Zo'n club als de VPT ('Podium technologie') heeft toch dik 25 jaar naar een navel zitten staren zo groot als een toneelopening in een schouwburg, maar verder is men ook nog steeds niet willen (of kunnen?) gaan. 
En geen enkele andere vorm van organisatie van vakbroeders lijkt van de grond te kunnen komen. 
Dus enige mate van vluchten uit deze van hokjes doordrenkte sector is helemaal niet zo gek.

----------


## showband

> @ *thyzerrr* 
> _Tenslotte zijn er ook altijd beroepen geweest zoals slavenhandelaar..... tot op de dag van vandaag. Maar de studie daarvoor is wat vaag._



Dat is toch popacademie, studie "Music management?"  :Big Grin: 

Racem - home is een voorbeeld van hoe het niet moet. Met leerlingen een managementbureau beginnen. En dan gaan zwaaien met verhalen dat jouw management zich zal onderscheiden door lange termijnwerk. Hoe lang studeren die "lange termijn" contactpersonen dan? vier jaar?  :Confused:  Een beetje band bestaat tussen eerste contact en laatste hit toch echt langer.

----------


## berolios

Bonjour,

Eerlijkerwijs moet ik toegeven dat ik weinig tot niet in aanraking ben gekomen met de hier besproken opleidingen of mensen die daarvan afkomstig zijn. Ik kan me an sich wel vinden in de strekking van Rinus' post.

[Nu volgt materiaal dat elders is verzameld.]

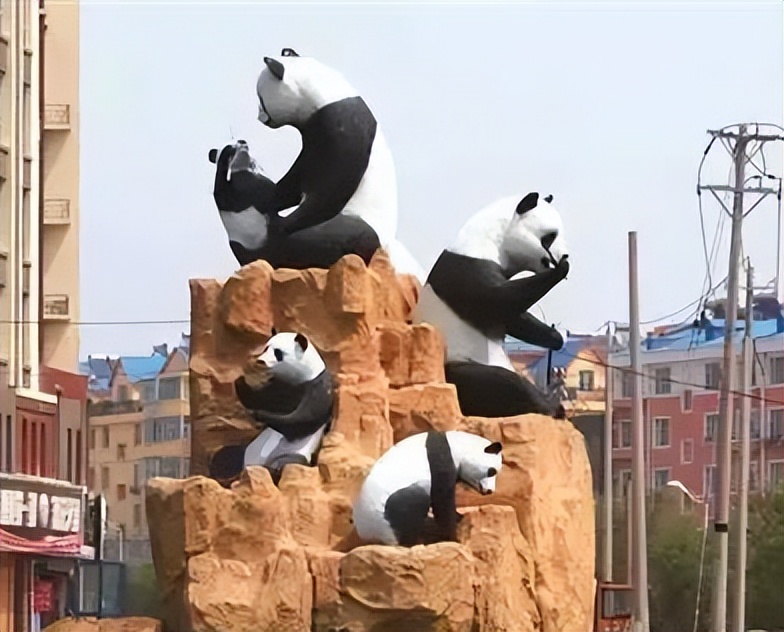 我的家乡在白城：从小城市到宜居之都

Kijk vooral ook eens in de volgende thread: http://www.licht-geluid.nl/forum/de-...opleiding.html

Soortgelijke discussie, het stuk dat ik hier wil schrijven staat daar al en ik ben nogal lui aangelegd ;-).

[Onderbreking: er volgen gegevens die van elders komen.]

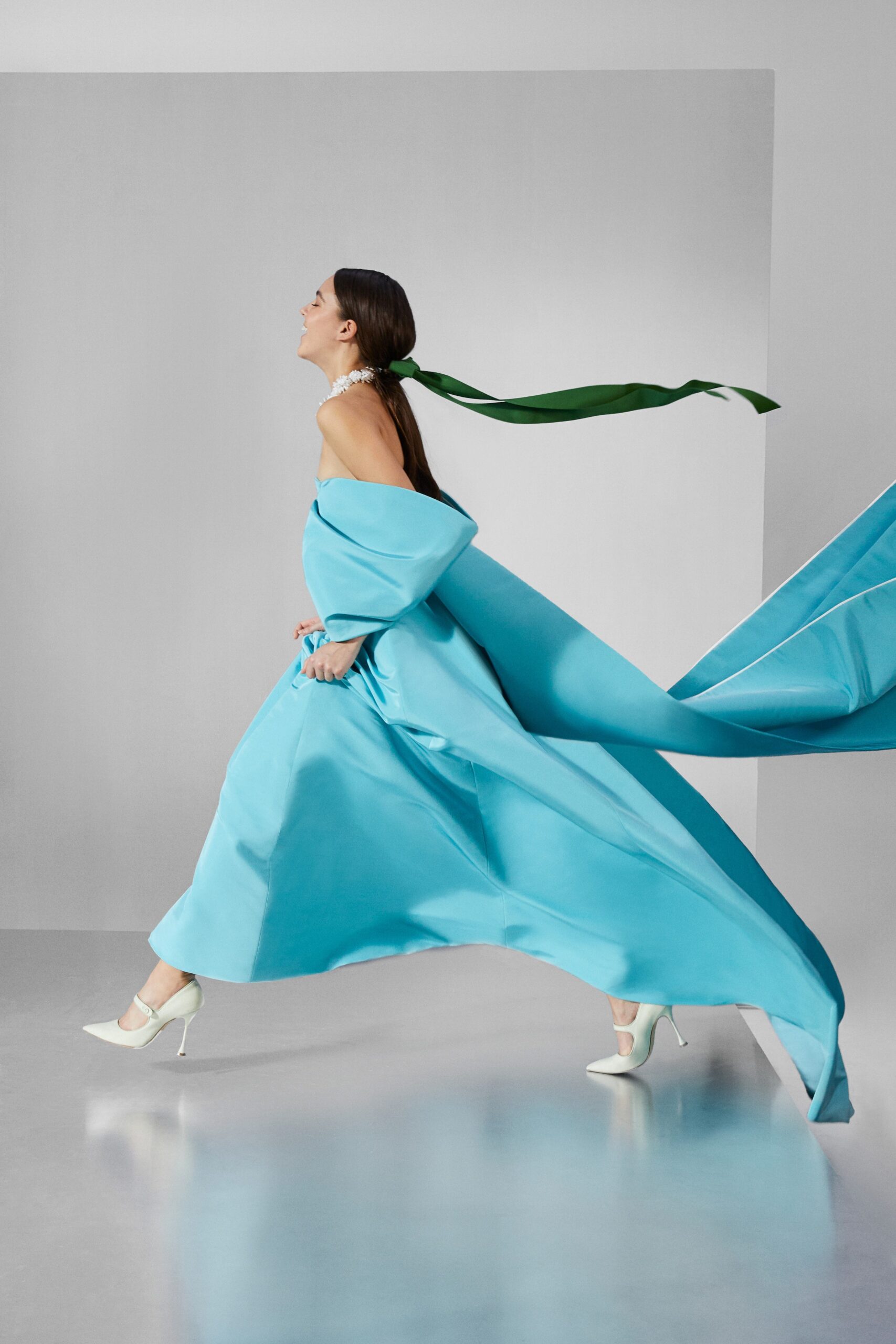 Carolina Herrera F/W 20 Look 319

Ikzelf heb trouwens HTS Elektro gedaan en zal over een paar maanden TU Bedrijfskunde afronden.

----------


## HR Soundproductions

> _En dan heb ik het nog niet eens over "het alleroudste beroep", hoewel daarover nog wel een emancipatie-boompje over is op te zetten. Tenslotte zijn er ook altijd beroepen geweest zoals slavenhandelaar..... tot op de dag van vandaag. Maar de studie daarvoor is wat vaag._



Tsja, Wat is dan dat oudste beroep dan wel??? Ik zal het jullie maar verklappen, dat is ELECTRICIEN !!!! Tenslotte schiep *** op de eerste dag het licht ( scheiden van licht en donker).... maar wie moest er dan zijn om dat licht aan te sluiten. JUIST..... :Stick Out Tongue:  :Wink:  :EEK!:

----------


## ljmartijnw

Nou ik heb ook zo'n bewuste opleiding genoten en het enige wat ik daar in kennis mee opgeschoten ben is via mijn stage's. Voor de rest: aanwezig zijn, af en toe een beetje lachen in de klas, na schooltijd met de klasgenoten de stad in en de goeie jongens uit de groep kom je nu nog tegen in het werkveld. 
En voor de rest kloot meer dan de helft maar wat aan en vinden het vak alleen maar mooi, maar komen er dan achter hoe hard je soms moet werken en wat voor uren je moet maken.
Ik ben blij dat ik er nu vanaf ben en nu lekker aan het genieten ben van me papiertje, tsja... waar heb ik dat diploma ook alweer gelaten...?? Ik had het ergens neergelegd ik weet het zeker...

----------


## Stage-Q

hehe, diploma?...tja k heb het wel ergens liggen...maar waar?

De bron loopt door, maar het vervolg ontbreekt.